The Claimant and the Companies had entered into two conditional fee arrangements (“CFAs”): one for the initial advice given, and one for conducting the litigation. In 2009, following the conclusion of litigation involving the Companies, the Claimant issued a claim form for unpaid invoices against “Mr Duncan Roderick Morris, theAdministratorof [the companies]”. The Defendant pleaded in his defence that the contract had been made with the third parties and not with him personally.
On the issue of the enforceability of the CFAs, the Court found in favour of the Claimant. Liability was established, with damages to be assessed, and the Claimant was to be awarded its costs. The order was made naming “Mr Duncan R Morris (Administratorfor [the Companies]” as the defendant.
The Companies did not have sufficient assets to satisfy the order, and the Claimant issued fresh proceedings against the Defendant in his personal capacity. They argued that the Defendant should be personally liable, and the fact that he had been referred to as the administrator for the Companies was irrelevant.
Further the Claimant argued that an analogy should be drawn between the position of an Insolvency Practitioner and that of a trustee. Trustees are personally responsible for contracts entered into in the execution of a trust, and therefore are personally liable even if sued as trustee. The Court rejected this argument on the basis that a trust has no separate legal personality and therefore a trustee is personally liable for obligations entered into, whereas an insolvent estate is a separate legal entity and can therefore be represented by an agent.
The Court concluded that, in general, where litigation is brought against an administrator arising out of contracts entered into by him as administrator, the cause of action lies against the company only.
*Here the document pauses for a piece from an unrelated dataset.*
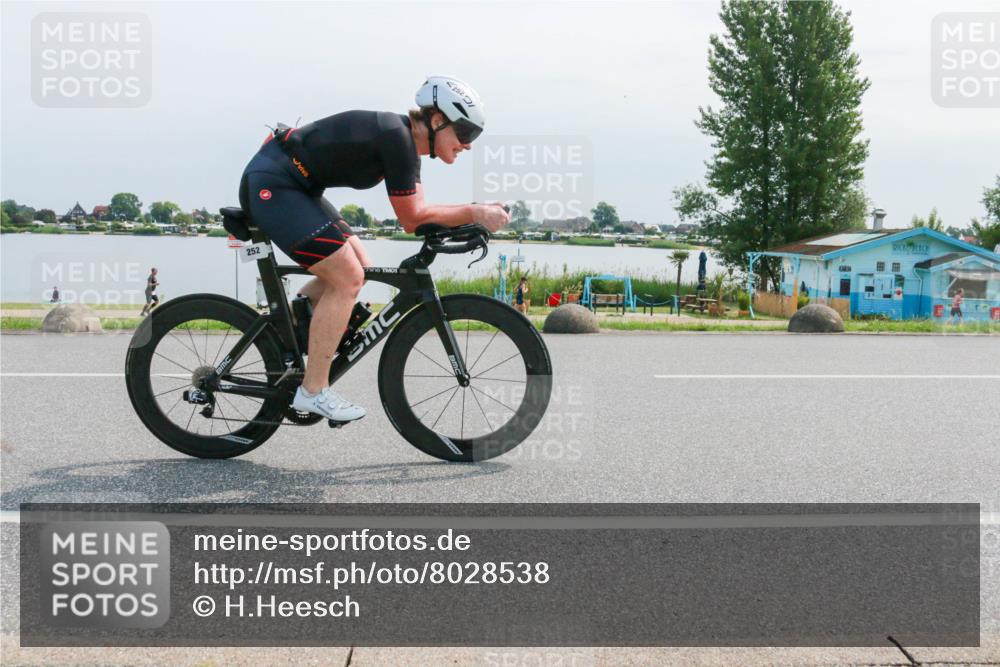 21.06.2025 - 27. Vierlanden-Triathlon H.Heesch http://msf.ph/oto/8028538 15.06.2025 11:24:55 Radfahren 199, 252 meine-sportfotos.de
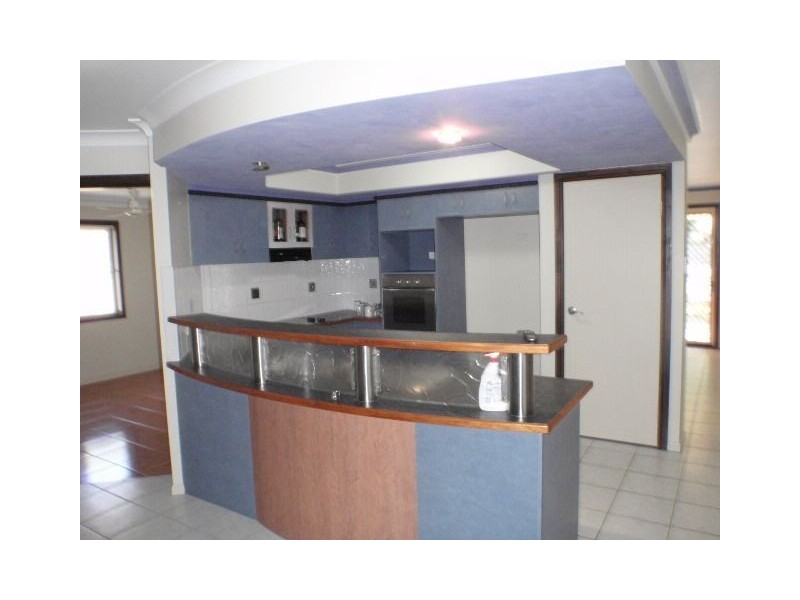 65 Parkwood Terrace, Cannonvale QLD 4802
An administrator’s powers are set out in the Insolvency Act 1986, which provides that when exercising their powers under this act the administrator of a company acts as its agent. This principle contained in the Insolvency Act 1986 means that an administrator will not normally incur personal responsibility for obligations entered into. This is a general rule and the fact that an obligation was entered into by someone acting as an agent does not necessarily exclude their personal liability. On the facts of the case it was evident that the common basis on which the parties had proceeded was that the Defendant was acting as an agent.
Insolvency Practitioners who may have feared potentially facing considerable bills will meet the outcome of this case with relief as the Court has maintained their protection against costs orders in litigation brought against them. However, the outcome of the decision was to a certain extent case-specific and there are no guarantees that personal liability will be avoided if it appears from the facts that both parties had proceeded on the basis that there would be personal liability. Although the lack of a disclaimer against personal liability will certainly not indicate definitively that the parties intend that there should be personal liability, it may be something that you should consider making clear in negotiations or the agreement itself.
The outcome of this case does not affect the general principle developed by the courts that an Insolvency Practitioner may be personally liable for costs in an action that he brings acting in this capacity.
The above is not legal advice; it is intended to provide information of general interest about current legal issues.